Critical Theory & Philosophy


 Dave Holmander-Bradford

This paper focus on landscape theory, it’s practice within Western society and the relevancy of using nature as a base foundation to convey idea and meaning. I will discuss how it applies to my specific body of work. Some questions I hope to answer are what is my practice as an artist? What role medium specificity and genre play in identifying myself within an artist movement?  How specific coalescing subject like social/feminism/economic/political/environmental impact my work? Where do I fit in within contemporary conceptual art?  What specifically is it that I want my art to accomplish?


Think about landscape. Ask yourself the question. What is it? You say that simple, it’s a picture, a panoramic view of the mountains, maybe the setting for a formal European garden. Stop there. You say a formal European, which kind?  Do you mean French formal Garden like Garden of Versailles with its symmetry? What about the Brits? Didn’t they have formal gardens? Have you thought about Stowe Garden with its Rotunda in England? Oh! I forgot about the English landscape parks. But wait, isn’t the Rotunda architecture? So, to such extent that this means there is landscape architecture, which include cityscapes. Exactly! Is not as simple one might think to define landscape. It is being all the afore plus much more, it all inclusive and encompassing. It is where we live both in its natural state and in it reconfiguration by humans. It is something we can never escape nor be separate from.
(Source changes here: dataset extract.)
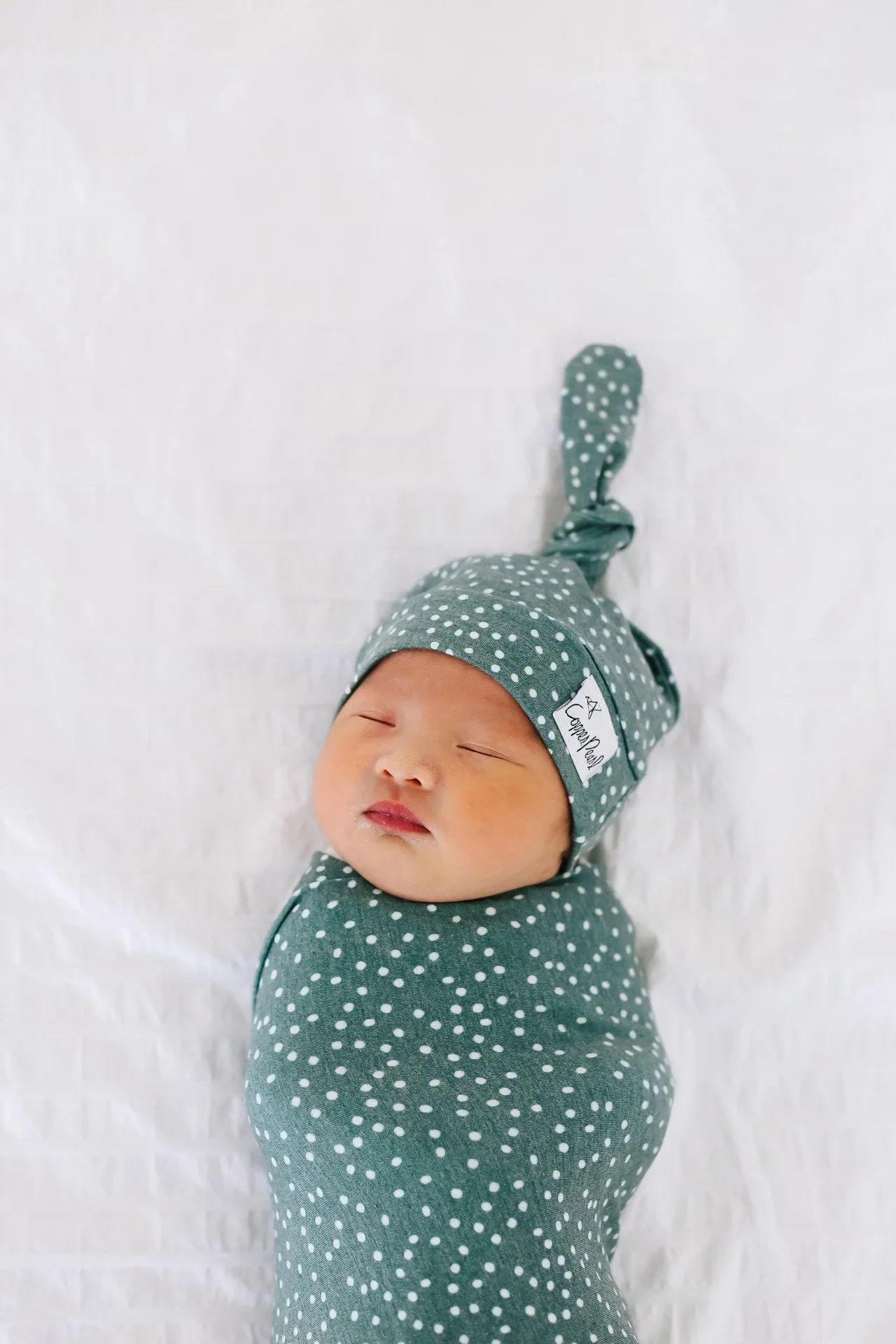 Copper Pearl Juniper Top Knot Hat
For a broader understand just for a moment think about what it is not. It is not static. Landscape in its natural environment unaltered by man is ever changing from season, severe weather, earth quakes etc., and the alteration by human activity weather intentional or not by design and calamity. Therefore, when considering a visual image as a painting or photograph we see an illusion of what the landscape might have appeared to be at a moment of time. It’s not possible to consider landscape without the effects of human activity.

Within this context, we might consider a self-reflection. For example, Dennis Cosgrove suggest in his musing from Social Formation and Symbolic Landscape “a way in which some Europeans have represented to themselves and to others the world about them and their relationship with it, and through which they have (commented) … on social relations.” However, James Elkins counters their more limited scope by suggesting “there seems to be a kind of opening now: a sense that it is possible to see beyond that reading if not outside of it” (89)
I believe what is being said here if I might fast forward since the 16th century through early to mid-20th century visual landscape was largely limited to an inward identifiable psychosis which limited European experience of expression and creativity. Therefore, the European model landscape subject matter was largely limited to social and economic activity and pastoral scenic pleasantry with a high concentration expressionistic realism coupling a high concentration of aesthetics.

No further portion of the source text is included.